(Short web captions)
================
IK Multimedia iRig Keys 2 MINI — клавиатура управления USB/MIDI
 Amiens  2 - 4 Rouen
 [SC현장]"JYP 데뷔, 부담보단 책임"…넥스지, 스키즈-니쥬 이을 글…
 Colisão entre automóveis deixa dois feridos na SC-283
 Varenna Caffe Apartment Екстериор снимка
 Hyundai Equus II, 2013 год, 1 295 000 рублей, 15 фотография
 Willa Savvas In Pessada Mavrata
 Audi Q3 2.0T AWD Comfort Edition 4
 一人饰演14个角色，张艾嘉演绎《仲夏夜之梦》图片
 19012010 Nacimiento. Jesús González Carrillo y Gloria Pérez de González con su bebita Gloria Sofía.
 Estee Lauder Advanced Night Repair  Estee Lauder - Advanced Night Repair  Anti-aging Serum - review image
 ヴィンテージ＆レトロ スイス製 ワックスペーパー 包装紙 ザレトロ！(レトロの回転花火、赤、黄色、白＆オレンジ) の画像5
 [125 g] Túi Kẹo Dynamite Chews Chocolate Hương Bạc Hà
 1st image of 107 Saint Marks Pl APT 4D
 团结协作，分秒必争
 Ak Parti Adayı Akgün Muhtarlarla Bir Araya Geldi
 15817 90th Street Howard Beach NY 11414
================
What you should do: Please return the records above exactly as they are written.

Reply to the exercise:
IK Multimedia iRig Keys 2 MINI — клавиатура управления USB/MIDI
 Amiens  2 - 4 Rouen
 [SC현장]"JYP 데뷔, 부담보단 책임"…넥스지, 스키즈-니쥬 이을 글…
 Colisão entre automóveis deixa dois feridos na SC-283
 Varenna Caffe Apartment Екстериор снимка
 Hyundai Equus II, 2013 год, 1 295 000 рублей, 15 фотография
 Willa Savvas In Pessada Mavrata
 Audi Q3 2.0T AWD Comfort Edition 4
 一人饰演14个角色，张艾嘉演绎《仲夏夜之梦》图片
 19012010 Nacimiento. Jesús González Carrillo y Gloria Pérez de González con su bebita Gloria Sofía.
 Estee Lauder Advanced Night Repair  Estee Lauder - Advanced Night Repair  Anti-aging Serum - review image
 ヴィンテージ＆レトロ スイス製 ワックスペーパー 包装紙 ザレトロ！(レトロの回転花火、赤、黄色、白＆オレンジ) の画像5
 [125 g] Túi Kẹo Dynamite Chews Chocolate Hương Bạc Hà
 1st image of 107 Saint Marks Pl APT 4D
 团结协作，分秒必争
 Ak Parti Adayı Akgün Muhtarlarla Bir Araya Geldi
 15817 90th Street Howard Beach NY 11414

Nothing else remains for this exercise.